KR21: What skills have proven most useful?
Caroline: “Persistence, stubbornness and Twitter!”
Rachel: “All of the above. Plus I think we have all had to really exercise effective communication skills. The world of academic e-books is a complicated and confusing one (even for us sometimes!) and so we’ve had to find ways to get the issues across clearly to people who aren’t librarians. ”
KR21: What have you learnt as part of the process?
Caroline: “The difference individuals can make if they step up. The campaign has really taken off in a way none of us expected, and I think we could achieve so much more if we had the real active and vocal support of our sector bodies and institutions.
“Without wanting to be too controversial I also think it has highlighted a real failure of leadership and vision in UK sector bodies, across academic, public, research, health sectors, and how enmeshed the publishers are in so much of what we do. I think there’s been a real reluctance to ‘rock the boat’, to upset relations – even now the default position is ‘let’s talk, let’s negotiate’, which is laudable enough, but if it worked we wouldn’t have a need for a campaign like this! The reality is these publishers are big enough, rich enough and powerful enough to have libraries in a position of weakness, and the times when we have tried to negotiate and push back have been unsuccessful. No industry is going to voluntarily amend a highly profitable practice unless forced to, and asking nicely won’t work.”

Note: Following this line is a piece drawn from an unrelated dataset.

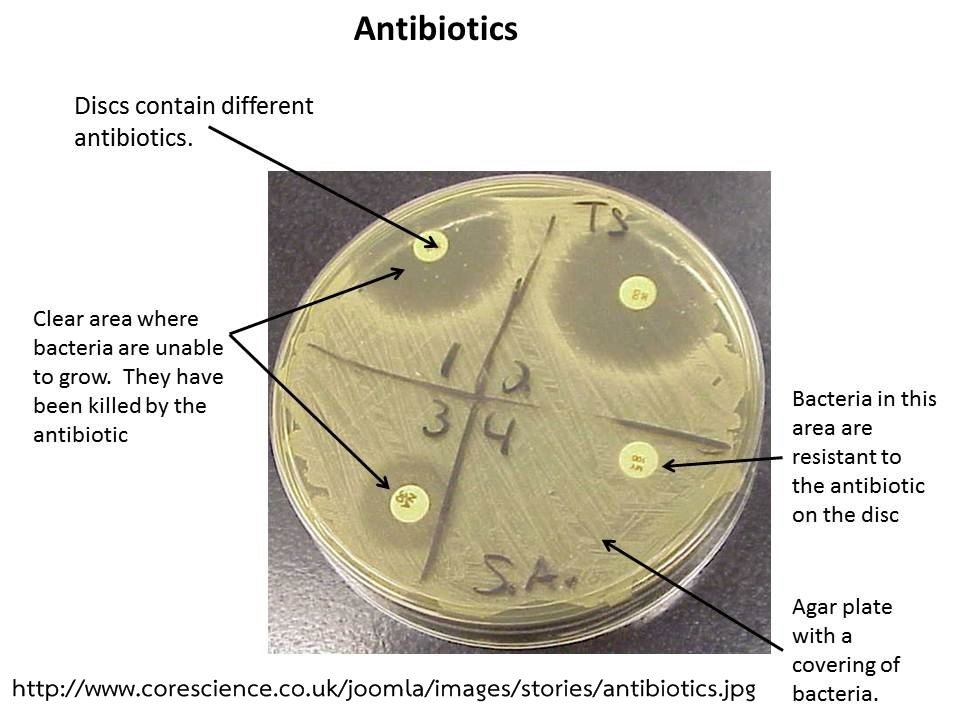 จุลชีววิทยา (Microbiology)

Rachel: “Yes, it has been disappointing and frustrating at times to witness these sector bodies being reluctant to take action. If the people who are on the ground working in libraries are telling you there is a problem, then as a leader you should be listening.”
KR21: Can you see similar efforts taking place in other countries?
Caroline: “They already are. The Library Association of Ireland has picked up the ebookSOS baton and they are doing great things over there. It’s interesting, in a way, because the drive in Ireland seems very much directed from the top. Here in the UK it’s been much more grassroots and getting the sector bodies on board has been a real challenge.
“In America a number of states are trying to introduce legislation around e-books and libraries – mostly from a public library perspective. Still, any legislation to that effect will also benefit academic libraries. But they are getting a lot of pushback from publishers, so I don’t think it will be easy. There has been the beginnings of a Senate financial investigation as well, which is interesting.”
Rachel: “In November 2021 we presented at a Special Libraries Association (SLA) webinar on the progress of the campaign. There were a number of attendees present from other European countries such as the Netherlands, who were very interested to hear about how we went about our campaign and what tips we could offer if they wanted to something similar. It is most definitely a global issue!”
Caroline: “The mailing list that we set up for discussion and announcements about the campaign also has members from around 15 different countries, which again highlights how international a concern this is.”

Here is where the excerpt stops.